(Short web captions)

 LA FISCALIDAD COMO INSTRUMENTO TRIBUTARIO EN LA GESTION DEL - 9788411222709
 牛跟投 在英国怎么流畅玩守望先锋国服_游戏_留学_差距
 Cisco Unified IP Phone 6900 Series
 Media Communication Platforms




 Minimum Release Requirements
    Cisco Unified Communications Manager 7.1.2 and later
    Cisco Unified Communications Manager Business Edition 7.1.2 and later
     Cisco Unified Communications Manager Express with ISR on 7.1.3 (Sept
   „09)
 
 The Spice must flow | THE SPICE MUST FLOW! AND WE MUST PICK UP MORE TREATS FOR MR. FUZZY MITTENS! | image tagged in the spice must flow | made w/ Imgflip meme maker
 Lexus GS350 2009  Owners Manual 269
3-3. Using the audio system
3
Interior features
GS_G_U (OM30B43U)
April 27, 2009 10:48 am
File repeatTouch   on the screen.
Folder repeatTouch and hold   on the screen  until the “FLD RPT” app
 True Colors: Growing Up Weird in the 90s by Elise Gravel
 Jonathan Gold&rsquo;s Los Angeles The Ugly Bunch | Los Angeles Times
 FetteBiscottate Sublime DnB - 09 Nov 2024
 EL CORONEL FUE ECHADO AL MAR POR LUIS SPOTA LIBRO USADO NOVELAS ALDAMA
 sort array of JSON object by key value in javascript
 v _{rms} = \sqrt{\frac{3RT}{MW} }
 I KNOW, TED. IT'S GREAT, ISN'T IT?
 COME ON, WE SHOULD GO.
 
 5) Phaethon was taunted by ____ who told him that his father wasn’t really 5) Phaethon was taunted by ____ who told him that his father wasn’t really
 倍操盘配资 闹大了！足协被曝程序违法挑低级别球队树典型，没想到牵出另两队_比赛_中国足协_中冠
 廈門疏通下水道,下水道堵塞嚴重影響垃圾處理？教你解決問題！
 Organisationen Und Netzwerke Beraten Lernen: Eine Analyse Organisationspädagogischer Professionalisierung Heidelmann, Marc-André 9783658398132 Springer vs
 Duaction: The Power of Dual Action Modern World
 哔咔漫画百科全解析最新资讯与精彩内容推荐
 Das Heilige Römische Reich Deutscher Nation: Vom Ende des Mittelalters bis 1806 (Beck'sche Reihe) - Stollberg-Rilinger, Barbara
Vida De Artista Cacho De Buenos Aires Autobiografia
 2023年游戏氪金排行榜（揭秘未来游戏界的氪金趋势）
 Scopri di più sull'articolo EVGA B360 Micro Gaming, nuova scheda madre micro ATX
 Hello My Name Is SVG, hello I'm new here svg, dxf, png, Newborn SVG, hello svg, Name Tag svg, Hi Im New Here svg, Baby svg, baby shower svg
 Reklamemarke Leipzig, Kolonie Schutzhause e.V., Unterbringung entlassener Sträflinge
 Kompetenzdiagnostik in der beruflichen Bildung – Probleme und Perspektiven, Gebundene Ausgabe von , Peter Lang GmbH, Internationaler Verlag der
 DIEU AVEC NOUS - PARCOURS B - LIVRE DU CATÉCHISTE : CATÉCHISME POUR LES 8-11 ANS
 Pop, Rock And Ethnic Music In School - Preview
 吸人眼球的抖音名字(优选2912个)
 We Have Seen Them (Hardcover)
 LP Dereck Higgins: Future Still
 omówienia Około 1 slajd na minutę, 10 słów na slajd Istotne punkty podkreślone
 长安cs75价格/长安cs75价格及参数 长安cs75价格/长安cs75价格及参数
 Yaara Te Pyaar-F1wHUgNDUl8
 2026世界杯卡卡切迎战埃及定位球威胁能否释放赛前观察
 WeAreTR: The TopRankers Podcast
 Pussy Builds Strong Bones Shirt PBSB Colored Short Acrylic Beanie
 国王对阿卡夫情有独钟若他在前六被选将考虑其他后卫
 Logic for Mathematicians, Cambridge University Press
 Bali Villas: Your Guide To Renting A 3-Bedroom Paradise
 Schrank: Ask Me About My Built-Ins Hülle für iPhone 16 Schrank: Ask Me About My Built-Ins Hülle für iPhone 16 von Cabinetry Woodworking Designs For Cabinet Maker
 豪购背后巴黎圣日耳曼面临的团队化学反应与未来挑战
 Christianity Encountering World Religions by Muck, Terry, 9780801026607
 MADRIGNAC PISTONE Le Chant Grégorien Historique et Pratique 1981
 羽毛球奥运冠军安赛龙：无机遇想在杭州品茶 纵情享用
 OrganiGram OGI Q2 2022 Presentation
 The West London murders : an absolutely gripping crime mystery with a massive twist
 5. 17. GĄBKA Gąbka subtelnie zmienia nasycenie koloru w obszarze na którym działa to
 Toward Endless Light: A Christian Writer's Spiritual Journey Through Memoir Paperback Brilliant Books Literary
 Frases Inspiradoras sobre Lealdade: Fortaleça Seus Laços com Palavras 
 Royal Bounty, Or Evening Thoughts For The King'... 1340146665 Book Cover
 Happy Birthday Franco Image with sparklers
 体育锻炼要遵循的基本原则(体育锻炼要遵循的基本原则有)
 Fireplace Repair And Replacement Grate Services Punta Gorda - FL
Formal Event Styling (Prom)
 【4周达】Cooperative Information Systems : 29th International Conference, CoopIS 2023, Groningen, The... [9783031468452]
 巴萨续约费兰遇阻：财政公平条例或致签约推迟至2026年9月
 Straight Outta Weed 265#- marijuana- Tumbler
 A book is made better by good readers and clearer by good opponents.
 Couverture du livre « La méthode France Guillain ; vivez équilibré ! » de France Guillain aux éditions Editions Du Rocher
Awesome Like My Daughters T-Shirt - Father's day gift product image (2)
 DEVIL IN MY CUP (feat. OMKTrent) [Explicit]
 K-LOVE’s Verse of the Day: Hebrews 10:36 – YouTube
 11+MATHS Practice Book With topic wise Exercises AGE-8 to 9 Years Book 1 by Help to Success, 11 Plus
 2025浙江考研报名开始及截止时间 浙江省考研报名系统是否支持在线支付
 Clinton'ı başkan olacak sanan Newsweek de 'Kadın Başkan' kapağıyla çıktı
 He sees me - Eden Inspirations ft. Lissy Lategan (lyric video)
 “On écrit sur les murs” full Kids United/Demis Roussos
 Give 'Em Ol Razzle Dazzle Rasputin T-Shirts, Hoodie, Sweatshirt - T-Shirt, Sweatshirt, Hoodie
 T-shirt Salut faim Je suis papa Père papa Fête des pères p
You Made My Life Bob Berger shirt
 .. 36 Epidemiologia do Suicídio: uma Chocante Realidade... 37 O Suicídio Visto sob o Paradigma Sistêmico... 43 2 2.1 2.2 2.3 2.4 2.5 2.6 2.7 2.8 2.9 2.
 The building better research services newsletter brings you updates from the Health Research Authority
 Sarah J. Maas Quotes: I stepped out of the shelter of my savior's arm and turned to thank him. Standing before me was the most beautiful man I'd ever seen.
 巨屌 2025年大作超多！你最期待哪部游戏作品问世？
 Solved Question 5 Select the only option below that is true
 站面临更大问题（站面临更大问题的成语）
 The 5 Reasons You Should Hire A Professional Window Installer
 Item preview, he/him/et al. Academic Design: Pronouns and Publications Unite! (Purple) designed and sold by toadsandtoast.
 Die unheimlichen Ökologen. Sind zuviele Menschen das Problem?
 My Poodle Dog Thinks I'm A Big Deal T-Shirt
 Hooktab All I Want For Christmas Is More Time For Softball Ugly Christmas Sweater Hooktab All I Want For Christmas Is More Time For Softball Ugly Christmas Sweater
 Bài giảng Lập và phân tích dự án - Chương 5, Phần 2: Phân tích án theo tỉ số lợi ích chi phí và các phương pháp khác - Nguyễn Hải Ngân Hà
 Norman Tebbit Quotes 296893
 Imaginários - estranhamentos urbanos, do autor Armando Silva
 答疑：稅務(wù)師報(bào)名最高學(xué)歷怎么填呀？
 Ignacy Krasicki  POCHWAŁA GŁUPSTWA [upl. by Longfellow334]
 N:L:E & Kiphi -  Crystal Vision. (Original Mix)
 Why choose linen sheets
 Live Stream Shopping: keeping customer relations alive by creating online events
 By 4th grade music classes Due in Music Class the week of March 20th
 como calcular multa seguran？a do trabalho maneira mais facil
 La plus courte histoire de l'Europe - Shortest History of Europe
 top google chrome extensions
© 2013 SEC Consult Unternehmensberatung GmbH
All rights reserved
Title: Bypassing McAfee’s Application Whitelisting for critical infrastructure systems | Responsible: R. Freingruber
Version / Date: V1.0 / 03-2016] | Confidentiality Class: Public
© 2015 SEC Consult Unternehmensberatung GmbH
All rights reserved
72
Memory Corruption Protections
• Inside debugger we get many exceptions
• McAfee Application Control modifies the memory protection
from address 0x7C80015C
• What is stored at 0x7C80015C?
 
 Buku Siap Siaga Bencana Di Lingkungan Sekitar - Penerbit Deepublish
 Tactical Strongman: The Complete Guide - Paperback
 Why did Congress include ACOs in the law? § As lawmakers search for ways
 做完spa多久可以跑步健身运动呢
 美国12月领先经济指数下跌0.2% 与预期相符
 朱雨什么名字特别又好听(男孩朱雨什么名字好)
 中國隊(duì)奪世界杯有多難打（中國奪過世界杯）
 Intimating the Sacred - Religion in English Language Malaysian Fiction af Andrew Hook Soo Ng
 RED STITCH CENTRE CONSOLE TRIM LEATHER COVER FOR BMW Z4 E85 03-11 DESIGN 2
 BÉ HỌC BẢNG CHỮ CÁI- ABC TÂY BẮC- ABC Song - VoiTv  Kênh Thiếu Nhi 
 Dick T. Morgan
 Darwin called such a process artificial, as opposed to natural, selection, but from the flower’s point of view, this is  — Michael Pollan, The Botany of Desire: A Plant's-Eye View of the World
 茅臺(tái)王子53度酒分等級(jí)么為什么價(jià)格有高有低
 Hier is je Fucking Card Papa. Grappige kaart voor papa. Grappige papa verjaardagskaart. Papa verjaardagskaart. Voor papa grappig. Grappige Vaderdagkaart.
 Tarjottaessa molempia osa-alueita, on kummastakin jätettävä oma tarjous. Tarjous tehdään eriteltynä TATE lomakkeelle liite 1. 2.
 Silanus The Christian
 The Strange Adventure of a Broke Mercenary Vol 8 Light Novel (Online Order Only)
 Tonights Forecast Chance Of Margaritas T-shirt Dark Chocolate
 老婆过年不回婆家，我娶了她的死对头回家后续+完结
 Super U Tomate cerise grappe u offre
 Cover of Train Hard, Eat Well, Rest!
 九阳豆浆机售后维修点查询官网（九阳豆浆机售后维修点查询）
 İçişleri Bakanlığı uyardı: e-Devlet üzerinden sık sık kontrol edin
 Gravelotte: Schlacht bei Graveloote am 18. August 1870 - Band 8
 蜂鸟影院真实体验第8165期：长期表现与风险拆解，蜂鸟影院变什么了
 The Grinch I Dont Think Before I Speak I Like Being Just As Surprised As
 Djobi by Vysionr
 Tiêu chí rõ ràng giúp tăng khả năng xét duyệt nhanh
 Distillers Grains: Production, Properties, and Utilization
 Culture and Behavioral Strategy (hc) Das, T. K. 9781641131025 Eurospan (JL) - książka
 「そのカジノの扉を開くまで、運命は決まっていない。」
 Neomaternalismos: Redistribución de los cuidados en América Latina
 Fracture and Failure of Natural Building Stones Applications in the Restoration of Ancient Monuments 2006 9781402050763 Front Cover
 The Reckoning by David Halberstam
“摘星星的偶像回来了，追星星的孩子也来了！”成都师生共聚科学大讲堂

### How to complete this task
An exact copy of the lines above, from the one containing "omówienia Około 1" through the one containing "豪购背后巴黎圣日耳曼面临的团队化学反应与未来挑战", is the whole of the answer.

### Answer to this exercise
 omówienia Około 1 slajd na minutę, 10 słów na slajd Istotne punkty podkreślone
 长安cs75价格/长安cs75价格及参数 长安cs75价格/长安cs75价格及参数
 Yaara Te Pyaar-F1wHUgNDUl8
 2026世界杯卡卡切迎战埃及定位球威胁能否释放赛前观察
 WeAreTR: The TopRankers Podcast
 Pussy Builds Strong Bones Shirt PBSB Colored Short Acrylic Beanie
 国王对阿卡夫情有独钟若他在前六被选将考虑其他后卫
 Logic for Mathematicians, Cambridge University Press
 Bali Villas: Your Guide To Renting A 3-Bedroom Paradise
 Schrank: Ask Me About My Built-Ins Hülle für iPhone 16 Schrank: Ask Me About My Built-Ins Hülle für iPhone 16 von Cabinetry Woodworking Designs For Cabinet Maker
 豪购背后巴黎圣日耳曼面临的团队化学反应与未来挑战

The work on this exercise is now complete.